Pelezinho, em relação à sua estadia:

Conversação Grupo Focal 1II – Meninos, Policial e Funcionária

Pelezinho – Eu fui pro abrigo porque foi o meu salvamento mesmo, porque eu tava na rua, completamente na rua. Aí eu fui pra UNIDADE. Não gostava

muito de lá não, porque tinha gente muito grande e eu apanhava pra caramba, apanhava muito mesmo, muito... Aí eu conheci todo mundo melhor, aí o Besouro não deixava ninguém me bater... Quem me batia, já escafedeu-se já...

Se por um lado os jovens falavam em nossas conversas sobre o carinho e a saudade que sentiam do Projeto Giração, identifiquei uma espécie de contentamento em relação às

unidades de acolhimento, as quais foram mencionadas pelo papel de prover sustento físico e

básico a eles:

Conversação Grupo Focal 1II – Meninos, Policial e Funcionária

Princesa – Aí, a coisa boa é que eles incentiva a gente a estudar, insere a

gente em trabalho: Jovem aprendiz, essas coisas. A gente tem boa alimentação, essas coisas, né?

O Projeto Giração pareceu-me ser bastante agradável aos jovens da UNIDADE que a frequentaram há época. Referiam-se à administradora do projeto, Tia Eli, como a “mãe de todos” e que “cumpria o que falava”. Mencionavam que, caso não fosse possível realizar algo ela “não se comprometia”, sendo, portanto, “diferente do que acontece na UNIDADE”. O nome do Projeto Giração, de acordo com a entrevistada Tia Eli foi uma criação do próprio grupo de jovens que constituía a base do Movimento Nacional de Meninos e Meninas de Rua do Distrito Federal. O nome articula com organicidade a vivência dos jovens de rua que possuem o hábito de circular e movimentar:

Tia Eli – Aí os meninos já tavam cansados dessa história de nome. Aí falou

Giração. Por que a ideia de Giração?

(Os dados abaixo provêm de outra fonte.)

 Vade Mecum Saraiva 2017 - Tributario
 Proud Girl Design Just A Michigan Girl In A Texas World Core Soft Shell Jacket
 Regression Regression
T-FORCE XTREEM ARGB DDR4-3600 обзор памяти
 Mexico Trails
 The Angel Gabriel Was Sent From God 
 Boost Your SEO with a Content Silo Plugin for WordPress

Que já era que eles girava mesmo,

girava na Rodoviária, girava duma cidade pra outra... e ação porque a gente ia produzir novas ações. Aí ficou Giração! Por isso que são tão ligados neste diabo desse Giração, até hoje...

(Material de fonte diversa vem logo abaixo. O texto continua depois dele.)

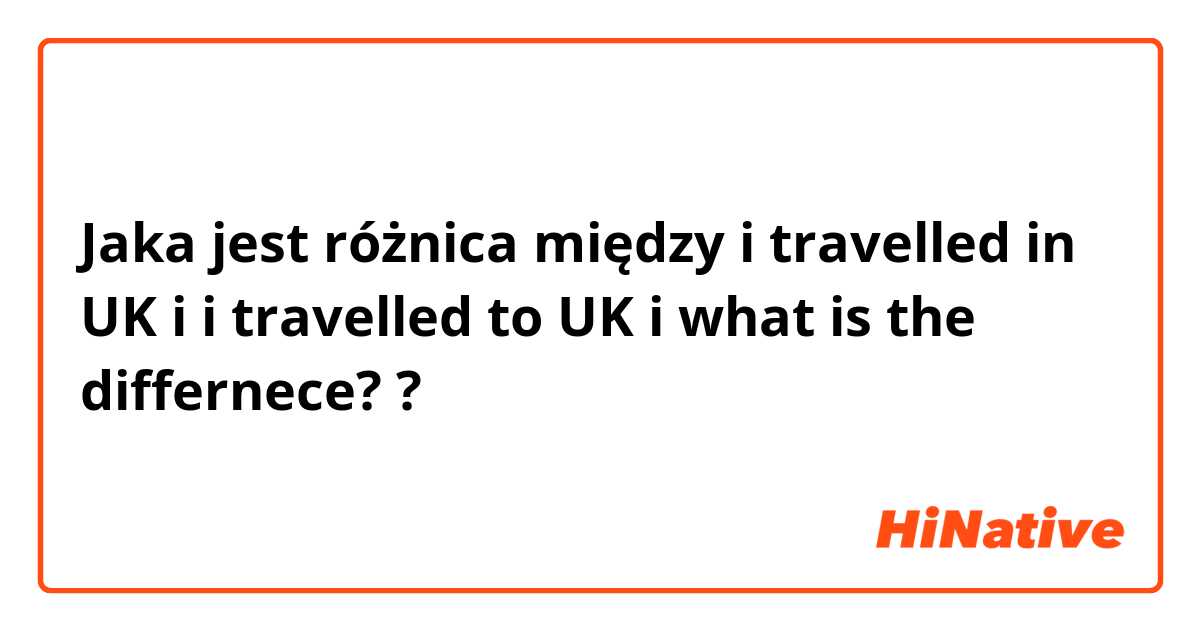 Jaka jest różnica między i travelled in UK i i travelled to UK i what is the differnece? ?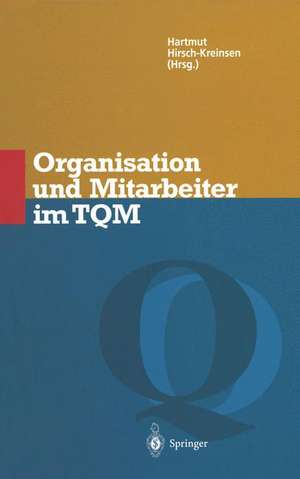 Organisation und Mitarbeiter im TQM de Hartmut Hirsch-Kreinsen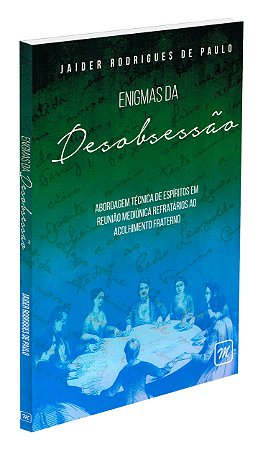 Enigmas da Desobsessão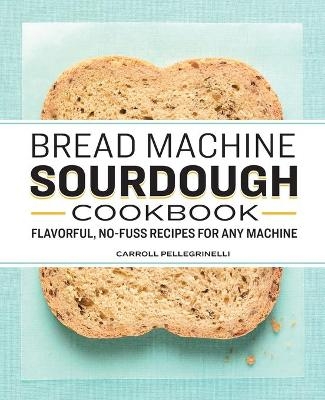 Bread Machine Sourdough Cookbook - Carroll Pellegrinelli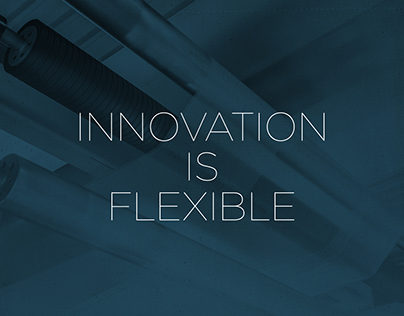 INNOVATION IS FLEXIBLE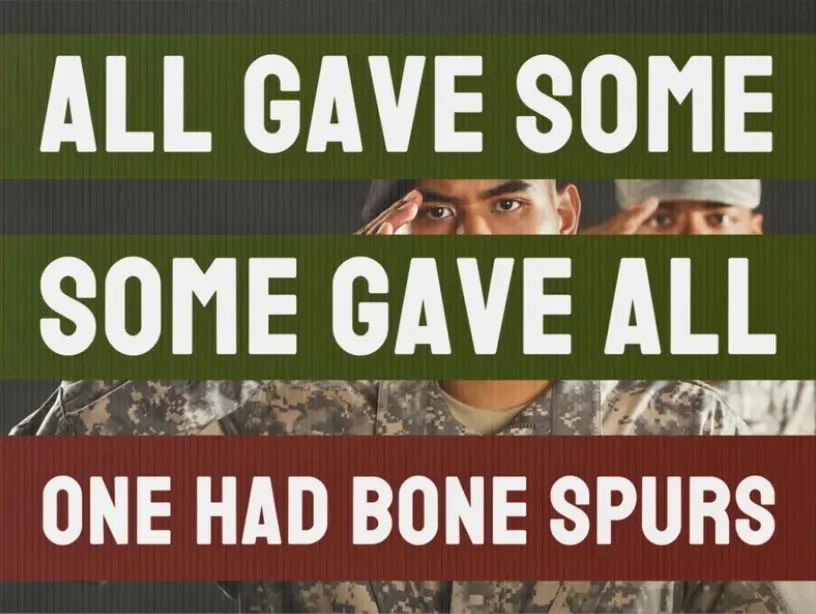 ALL GAVE SOME; SOME GAVE ALL; ONE HAD BONE SPURS
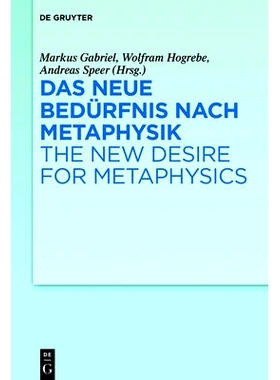 预订 Das neue Bedürfnis nach Metaphysik / The New Desire for Metaphysics: 9783110441291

Entre as informações trazidas pelos jovens sobre o Projeto em nossas conversas e anotadas em meu Diário de Campo destaco:

a) Os quartos eram divididos entre os “caixa baixa” – menores de 12 anos, os meninos, as meninas, as “libélulas” – homossexuais, os maiores de idade da Rodoviária do Plano Piloto e os casais;

b) A comida poderia ser preparada pelos frequentadores, ao contrário do que ocorria na

UNIDADE, onde um dos jovens disse ter sido impedido por um dos servidores pelo

fato de “gastar muito gás”;

c) A equipe do Projeto Giração fazia os jovens “se sentirem em casa”, porque os funcionários eram mais próximos deles e atenciosos; e

d) Havia “assembleias” em que os jovens podiam se manifestar e opinar sobre suas condições de acolhimento e também reivindicar melhorias.